--- THE DATA ---

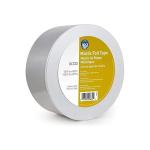 Intertape Polymer Group Mf3100 Alf Butyl Mastic Foil Tape 2.88 Width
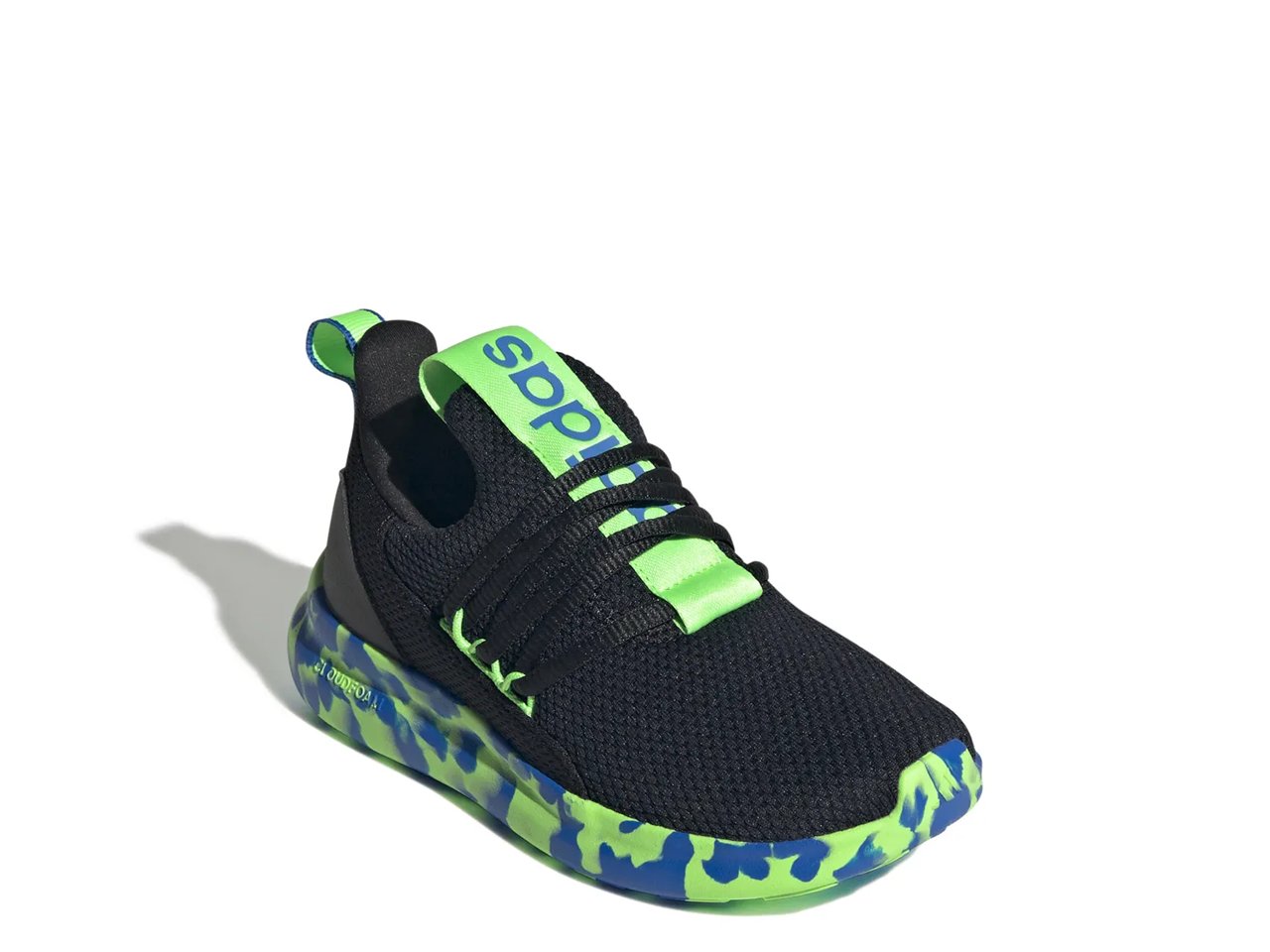 Lite Racer Adapt 7.0 Slip-On Sneaker - Kids'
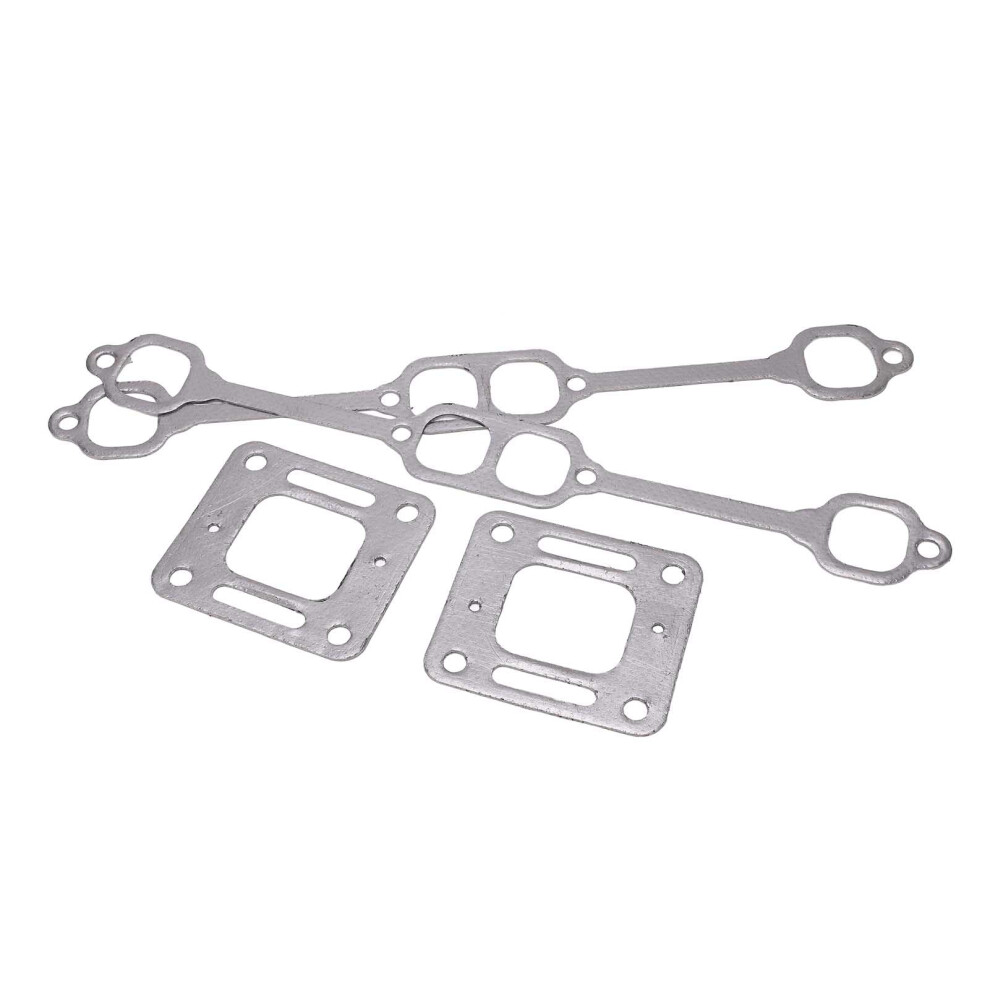 High-Performance 5735 Graphite Gasket For 5.0/5.7 Engines 1980Â2002 8381356251233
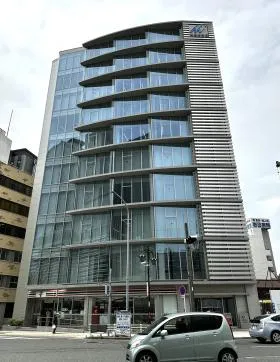 ＮＥＷＮＯ名古屋駅西ビル(ニューノ名古屋駅西ビル)の外観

---

THE PROBLEM →
The lines from the one that contains "High-Performance 5735 Graphite" through the end of the data, repeated exactly and with no pictures, make up the whole answer.

ANSWER TO THE EXERCISE →
 High-Performance 5735 Graphite Gasket For 5.0/5.7 Engines 1980Â2002 8381356251233
 ＮＥＷＮＯ名古屋駅西ビル(ニューノ名古屋駅西ビル)の外観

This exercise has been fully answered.